Files
processor/.planning/phase-1-throughput/05-stream-consumer.md
T
julian 2a50aaf175 Implement Phase 1 tasks 1.5-1.8 (consumer + state + writer + main wiring)
src/core/consumer.ts — XREADGROUP loop with consumer-group resumption,
ensureConsumerGroup (BUSYGROUP-tolerant), decodeBatch (CodecError → log
+ skip + leave pending; never speculative ACK), partial-ACK semantics,
connectRedis (mirroring tcp-ingestion's retry pattern), clean stop.

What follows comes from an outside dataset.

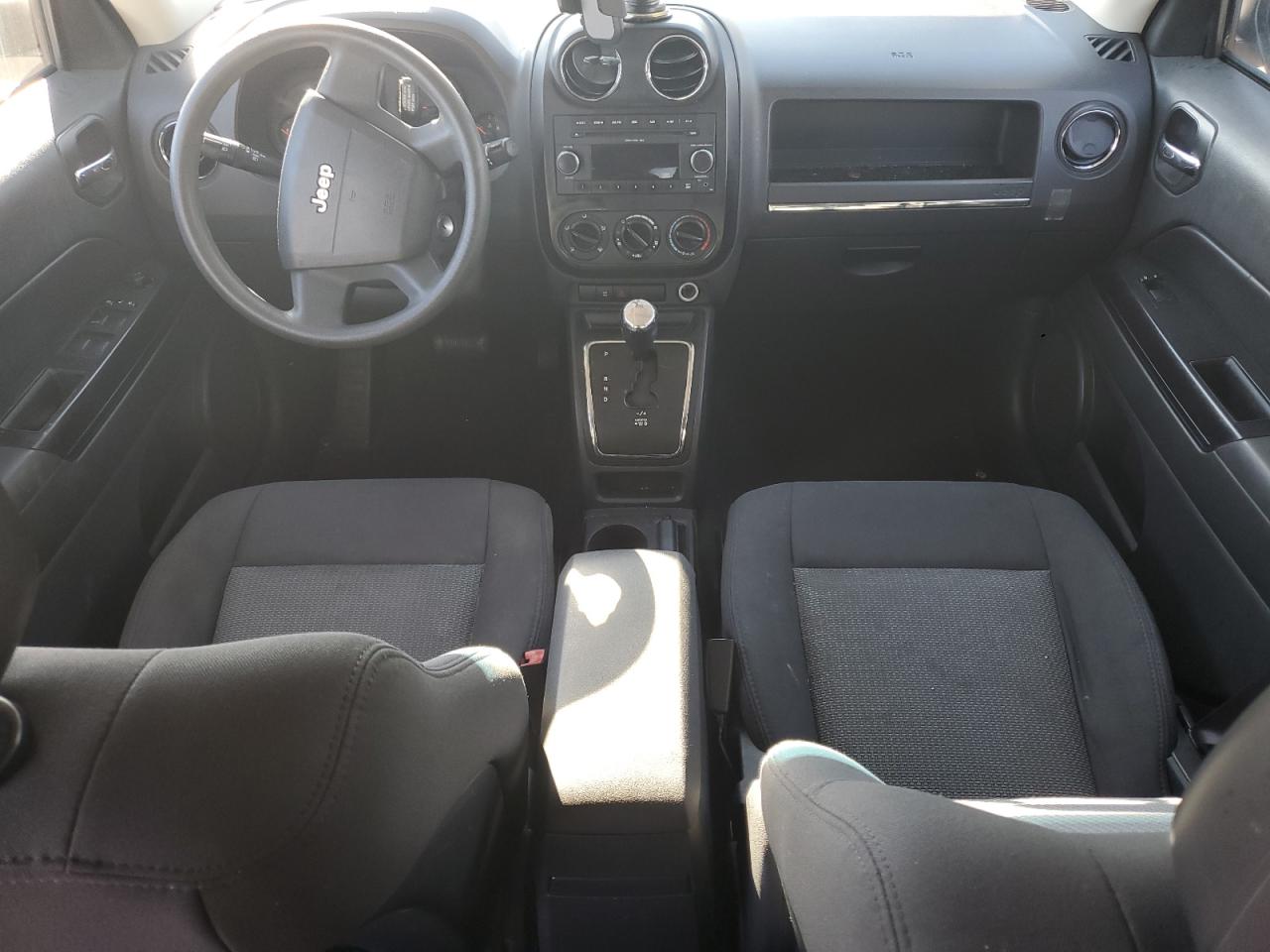 2009 Jeep Liberty (Patriot) - Image 8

src/core/state.ts — LRU Map<device_id, DeviceState> using delete+set
bump trick (no third-party LRU dep); last_seen = max(prev, ts) so
out-of-order replays don't regress the high-water mark; evictedTotal()
counter.

src/core/writer.ts — multi-row INSERT ON CONFLICT (device_id, ts) DO
NOTHING with RETURNING. Duplicate detection by set-difference between
input and RETURNING rows (xmax=0 doesn't work for skipped-conflict
rows, only returned ones — confirmed in the task spec's own Note).
Sequential chunking to WRITE_BATCH_SIZE; bigint→string and Buffer→base64
attribute serialization that handles Buffer.toJSON shape.

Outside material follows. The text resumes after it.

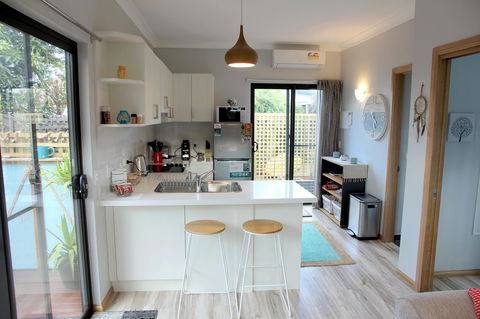 Kingston Beach-House Retreat - Perths Hotel 20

src/main.ts — full pipeline: pool → migrate → redis → state → writer →
sink → consumer → graceful-shutdown stub. Sink ordering is
state.update BEFORE writer.write per spec rationale (state stays
consistent with what's been seen even if not yet persisted; redelivery
is idempotent on state). Metrics is still the trace-logging shim from
tcp-ingestion's pre-1.10 pattern; real prom-client lands in task 1.9.

Verification: typecheck, lint clean; 112 unit tests passing across 7
test files (+39 from this batch).
2026-04-30 21:49:29 +02:00

5.4 KiB

Task 1.5 — Redis Stream consumer (XREADGROUP)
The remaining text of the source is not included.